The bonding angles around carbon C(18) of the μ-CHC(O)CF3 bridging ligand suggest a distorted tetrahedron in which the O5–C(18)-Pd(1) and Pd(2) angles are splayed out from the idealized 109.5° to 119.8(5)° and 112.6(4)°, respectively. In response, the Pd(1)–C(18)–Pd(2) angle is diminished somewhat and only reaches 107.0(2)°.

The Pd–O bond distances for the oxygen atoms of the Hfacac ligands that are trans to the N atoms of the lutidines are significantly shorter (Pd(1)–O(2) = 2.049(3) Å and Pd(2)–O(3) = 2.047(3) Å) than those that are trans to the bridging acetonate ligand (Pd(1)–O(1) = 2.122(3) Å and Pd(2)–O(4) = 2.134(3) Å). The bridging Pd–C bond distances are essentially identical at 2.024(5) Å for Pd(1) and 2.023(5) Å for Pd(2).

A related, albeit mononuclear, square planar palladium structure was reported by Okeya in which one Hfacac ligand derived from the Pd(Hfacac)2 starting material is coordinated to Pd in a traditional bidentate fashion, while the other Hfacac forms part of a chelating N ∼ O ligand from the reaction with acetaldoxime. The bond distance between the Pd and the coordinated methine of the chelate was ∼2.05 Å.23

The dihedral angle between the two square planes defined by the inner coordination sphere surrounding Pd(1) and Pd(2) is approximately 54°. The more open dihedral angle accommodates the Hfacac ligands, allowing them to slip past one another forming a stacked pair of Hfacac ligands. From this configuration, one CF3 from both Hfacac ligands could be considered proximal to the palladium dimer core, while the other one would be distal (Figure S29).

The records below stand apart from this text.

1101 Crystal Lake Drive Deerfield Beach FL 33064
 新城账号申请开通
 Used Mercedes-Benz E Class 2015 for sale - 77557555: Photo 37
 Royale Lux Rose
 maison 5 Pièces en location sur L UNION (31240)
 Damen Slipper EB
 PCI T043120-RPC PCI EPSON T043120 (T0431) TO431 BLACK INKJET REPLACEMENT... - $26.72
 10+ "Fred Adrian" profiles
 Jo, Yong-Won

Once the structure of 2 was solved, the unidentified peaks in the 19F, 1H, and 13C NMR spectra could be assigned to the μ-CHC(O)CF3 ligand in addition to other resonances. For example, the 3.83 ppm signal in the 1H NMR spectrum is ascribable to the methine H of the μ-CHC(O)CF3 ligand forming a quartet due to four-bond coupling (∼1.5 Hz) to the fluorines of the CF3 substituent. The quartet collapses to a singlet in the 1H{19F} spectrum (Figure S12). Similar 4JHF coupling (∼1 Hz) was observed in an organic proxy for the acetonate ligand, namely, CF3COCH3.24 Simulation of the 4JHF coupling based on the solid-state X-ray crystal structure of 2 at the B3LYP/6-311+G* level of theory indicates that the observed ∼1.5 Hz coupling is expected. The three simulated 4JHF couplings were 0.74, 1.13, and 6.31 Hz suggesting a rotational average of ∼2.8 Hz, similar to the observed coupling. The complementary 4JHF coupling is not observed in the 19F at room temperature due to the broad nature of the CF3 peak associated with μ-CHC(O)CF3 (width at half-height ∼5.8 Hz). The coupling was observed in the high-temperature spectrum (see below).

In the 19F NMR spectrum, the broader of the two CF3 substituents of the Hfacac ligands is assigned to the CF3 proximal to the Pd dimer core. From a space-filling representation, it appears that the crowding around this substituent may limit the free rotation of the CF3 group, leading to some broadening of this resonance. The CH3 substituents of each lutidine are rendered inequivalent due to the asymmetry induced by the μ-CHC(O)CF3 ligand. The space-filling model suggests that the two CH3 substituents that cover the axial positions of the Pd atoms are quite crowded. This may limit the free rotation of this group, thus leading to the broadened peak at 3.20 ppm in the 1H NMR spectrum.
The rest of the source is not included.